- _What this task involves_
Exclude all pictures, and reproduce exactly the lines from the one containing "Hooligan PMT F1" through the end of the records, with nothing else added.

===== Task inputs =====

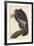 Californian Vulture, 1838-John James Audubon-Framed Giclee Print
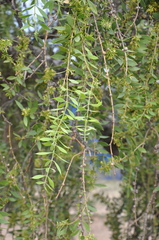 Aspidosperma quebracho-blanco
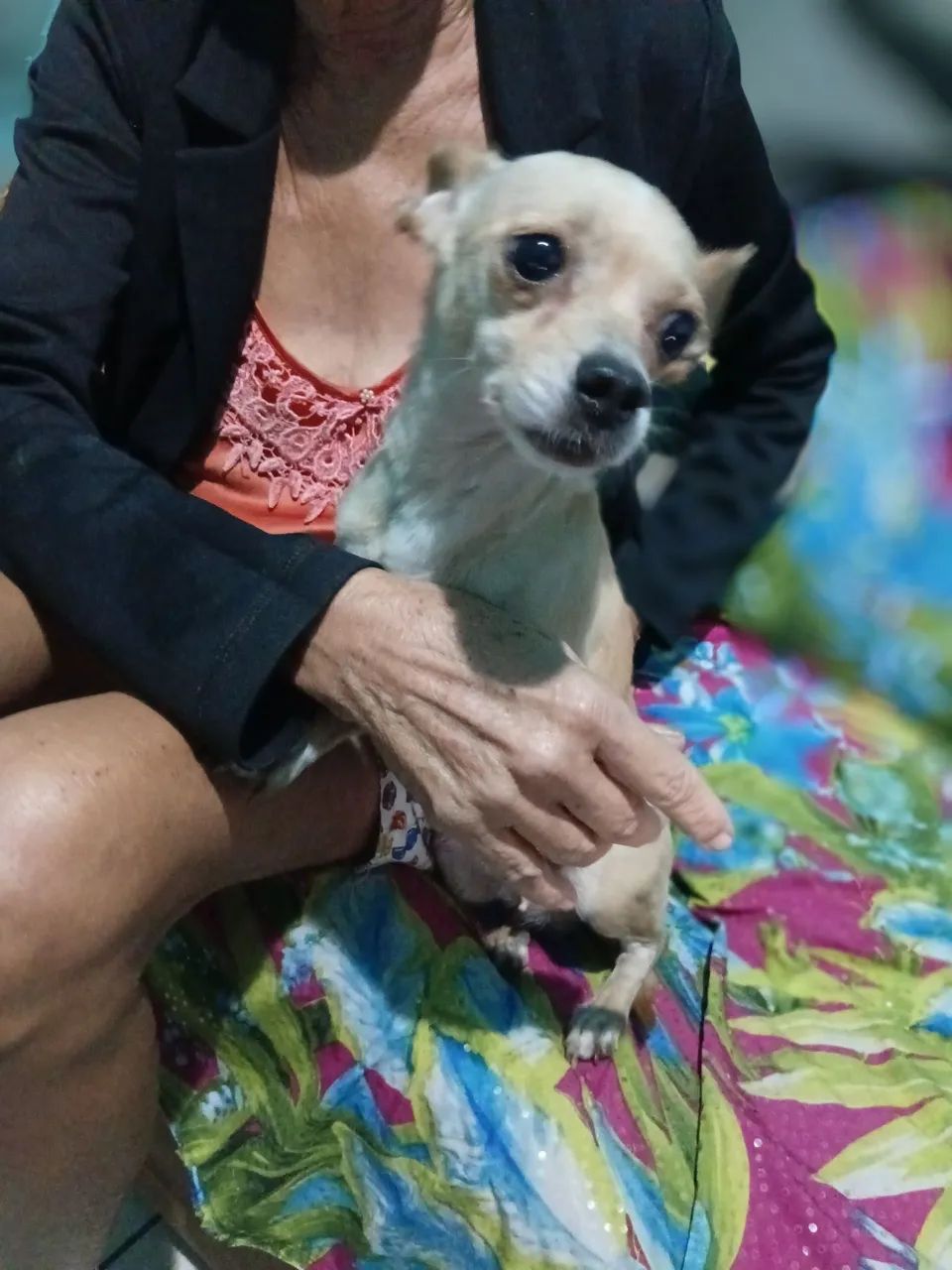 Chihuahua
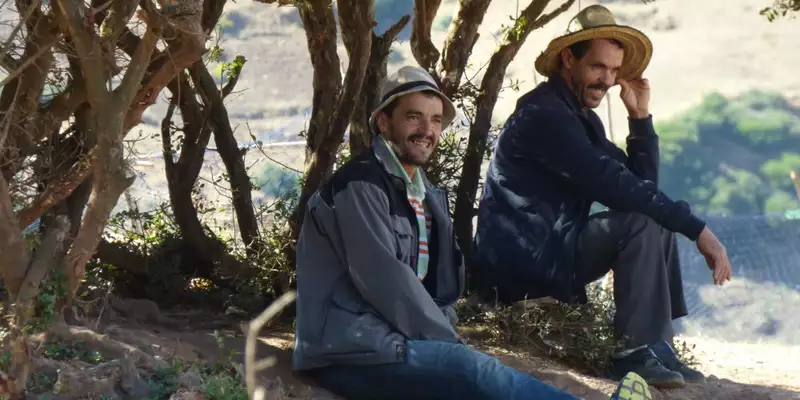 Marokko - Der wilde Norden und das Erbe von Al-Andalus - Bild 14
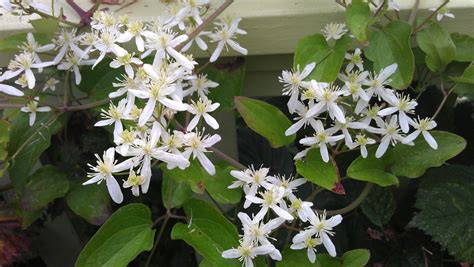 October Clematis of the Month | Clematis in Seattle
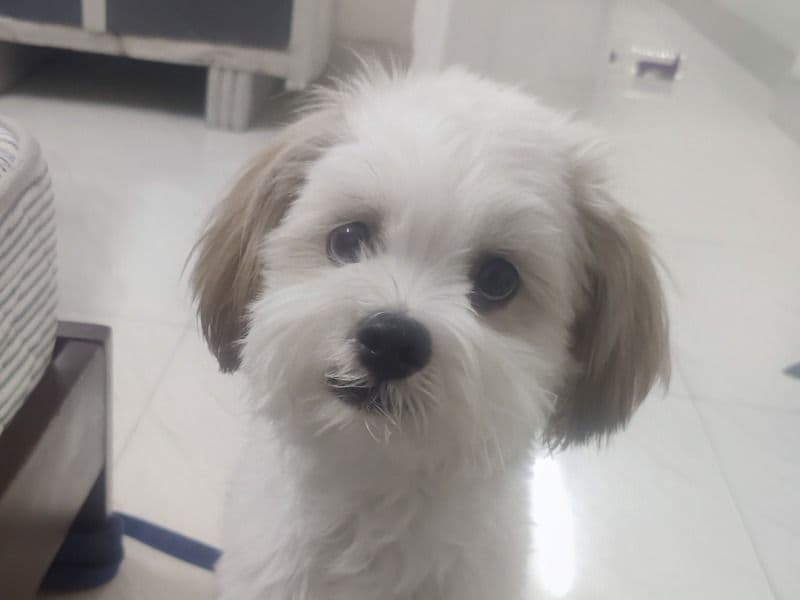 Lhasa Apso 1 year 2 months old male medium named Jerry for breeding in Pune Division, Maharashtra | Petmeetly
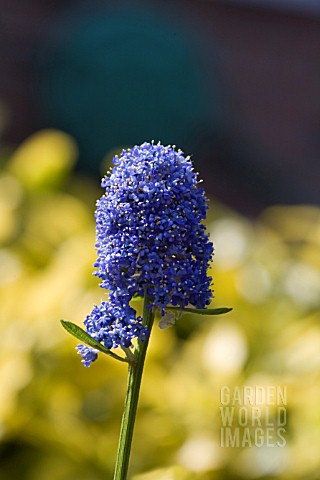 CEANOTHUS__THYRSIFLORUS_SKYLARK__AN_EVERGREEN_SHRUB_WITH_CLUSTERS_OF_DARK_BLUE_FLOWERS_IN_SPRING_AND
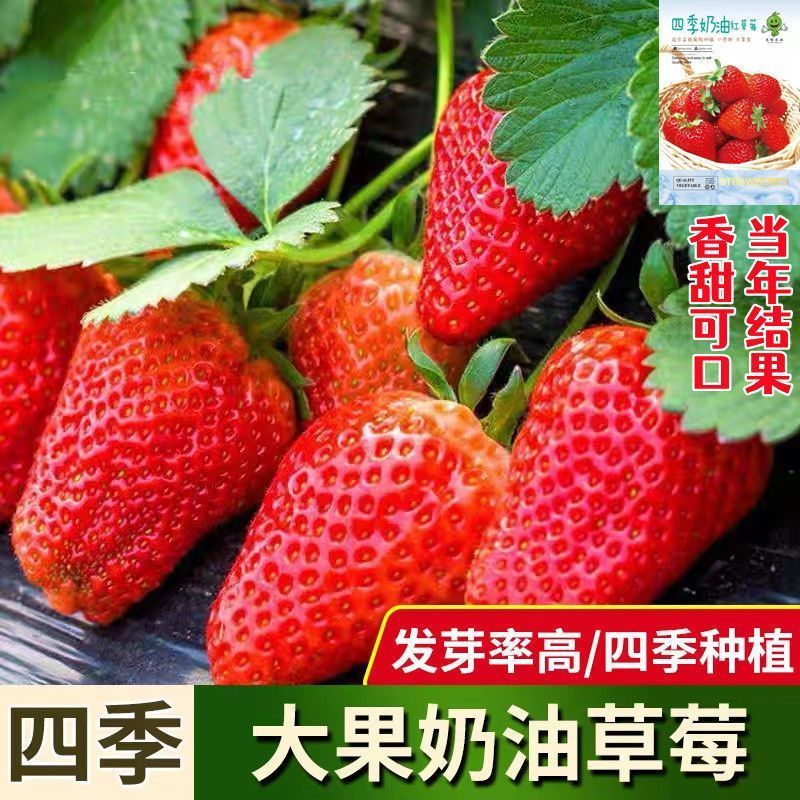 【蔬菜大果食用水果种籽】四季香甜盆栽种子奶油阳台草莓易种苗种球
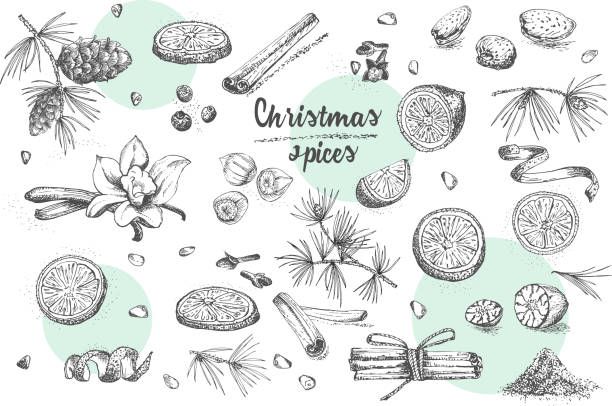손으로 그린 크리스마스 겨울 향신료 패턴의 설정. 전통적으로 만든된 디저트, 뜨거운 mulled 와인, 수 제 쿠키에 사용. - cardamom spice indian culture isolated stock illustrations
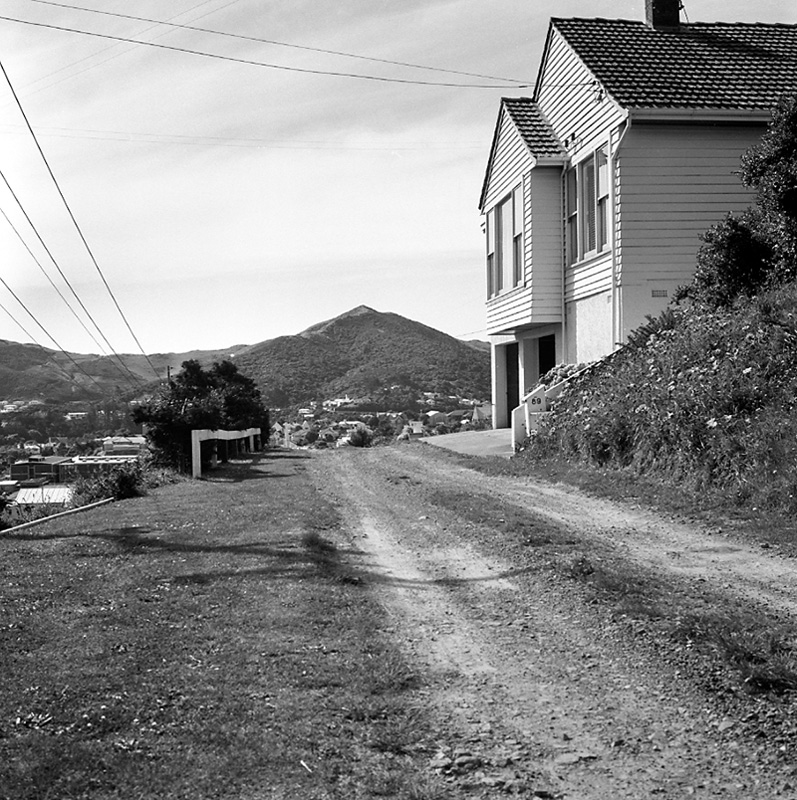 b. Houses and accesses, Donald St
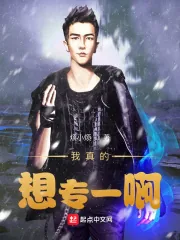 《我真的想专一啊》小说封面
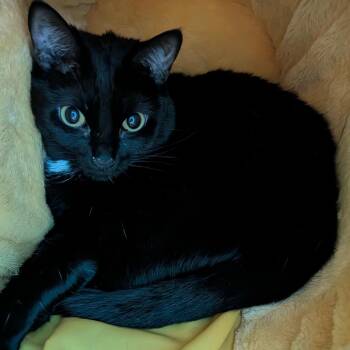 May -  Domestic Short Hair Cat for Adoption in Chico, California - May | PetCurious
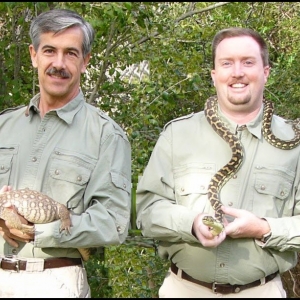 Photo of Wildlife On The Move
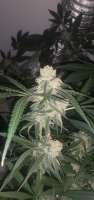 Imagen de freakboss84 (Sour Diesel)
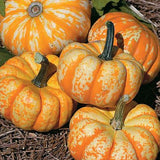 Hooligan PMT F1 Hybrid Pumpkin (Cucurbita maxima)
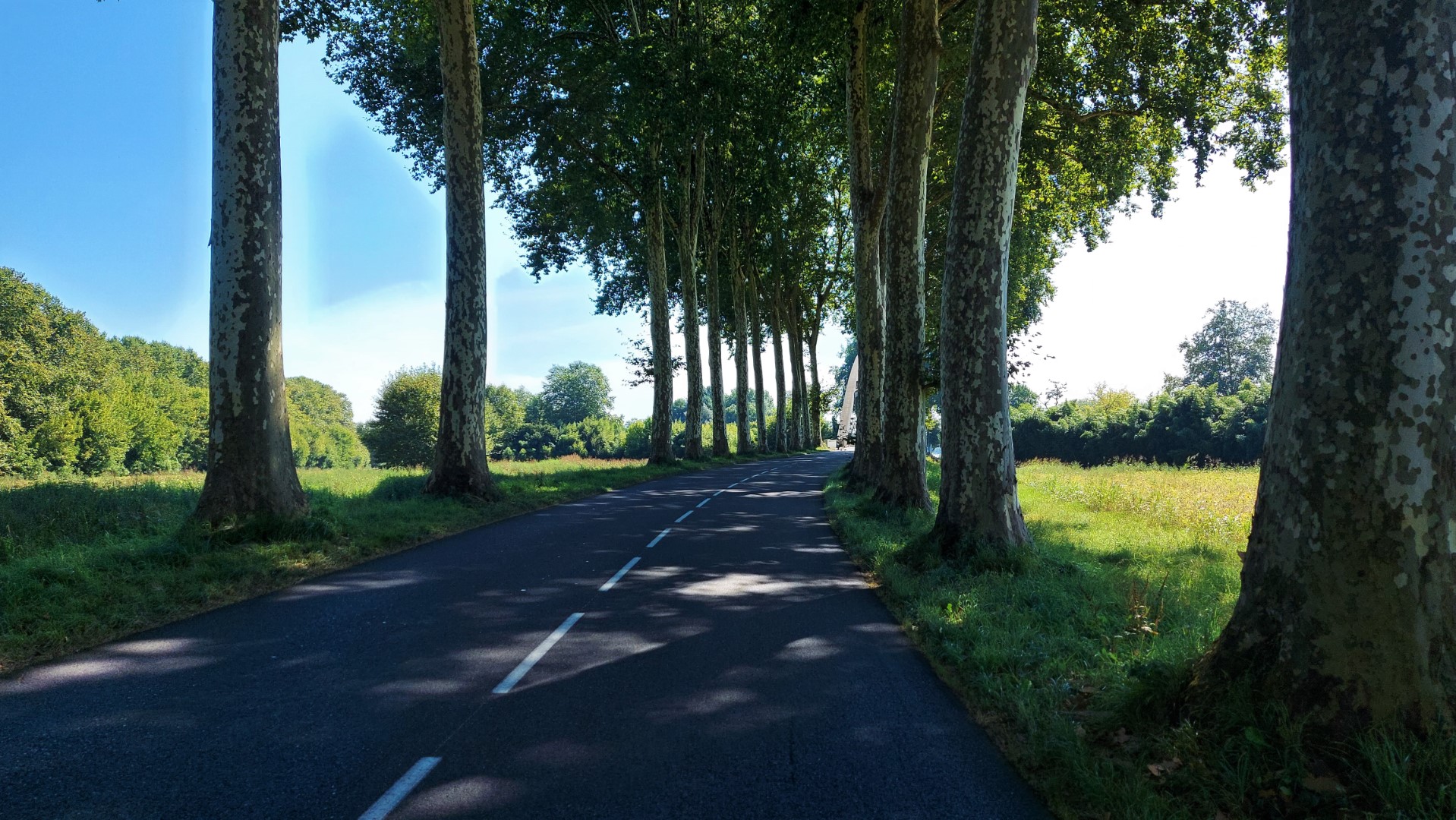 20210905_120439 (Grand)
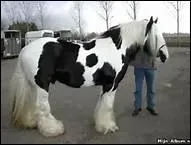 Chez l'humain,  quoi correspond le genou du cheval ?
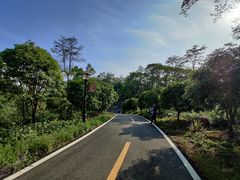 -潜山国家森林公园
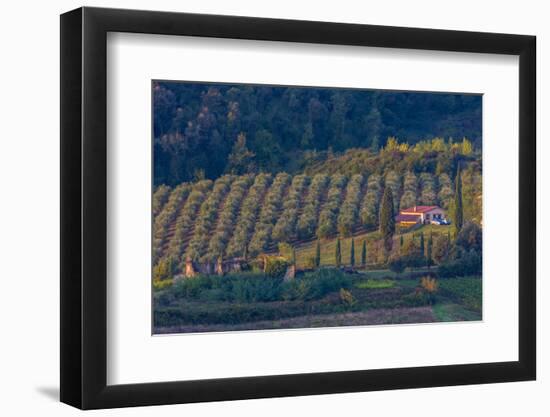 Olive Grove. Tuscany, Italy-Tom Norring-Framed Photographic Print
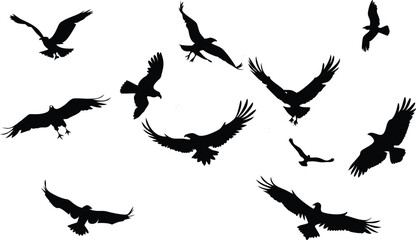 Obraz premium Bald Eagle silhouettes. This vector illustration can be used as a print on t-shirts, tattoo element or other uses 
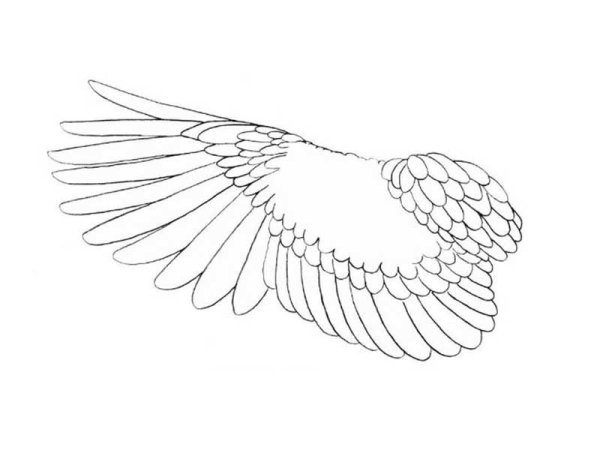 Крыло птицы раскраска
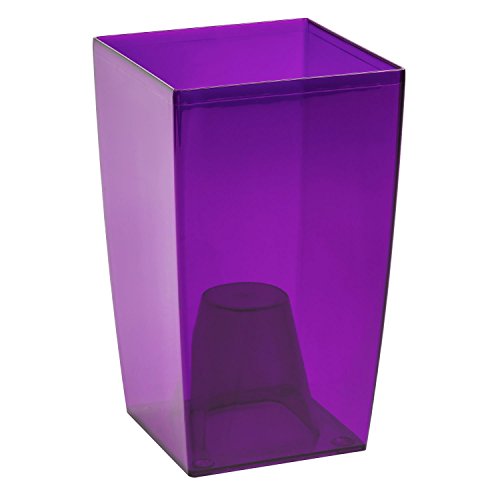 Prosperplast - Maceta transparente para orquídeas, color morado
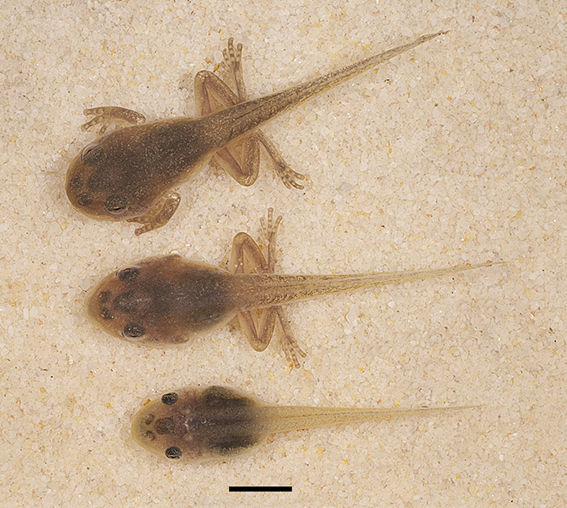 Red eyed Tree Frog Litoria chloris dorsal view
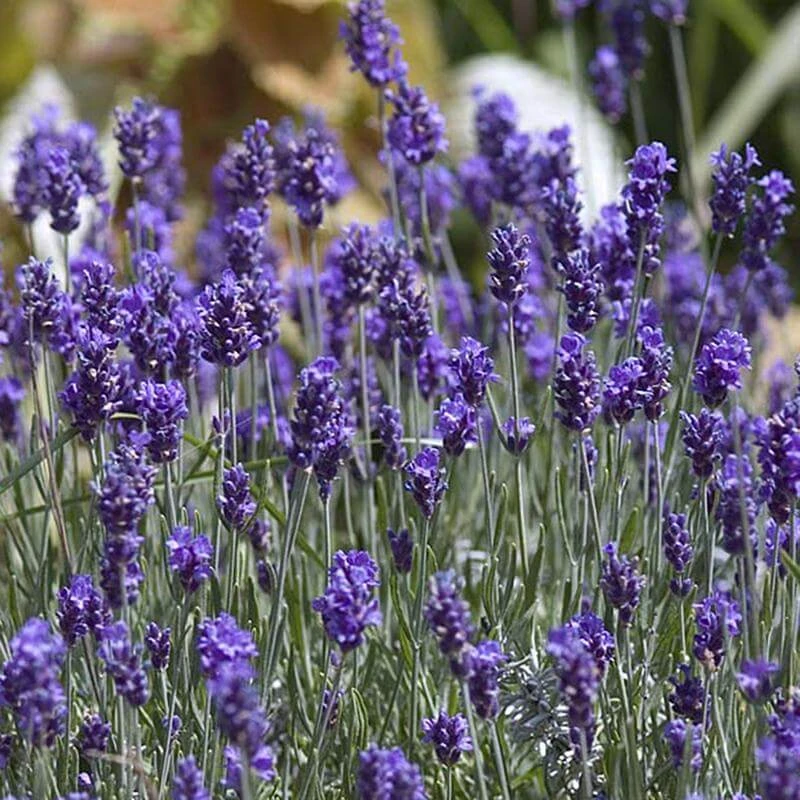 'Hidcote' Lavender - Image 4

=====

- _Response area_
 Hooligan PMT F1 Hybrid Pumpkin (Cucurbita maxima)
 20210905_120439 (Grand)
 Chez l'humain,  quoi correspond le genou du cheval ?
 -潜山国家森林公园
 Olive Grove. Tuscany, Italy-Tom Norring-Framed Photographic Print
 Obraz premium Bald Eagle silhouettes. This vector illustration can be used as a print on t-shirts, tattoo element or other uses 
 Крыло птицы раскраска
 Prosperplast - Maceta transparente para orquídeas, color morado
 Red eyed Tree Frog Litoria chloris dorsal view
 'Hidcote' Lavender - Image 4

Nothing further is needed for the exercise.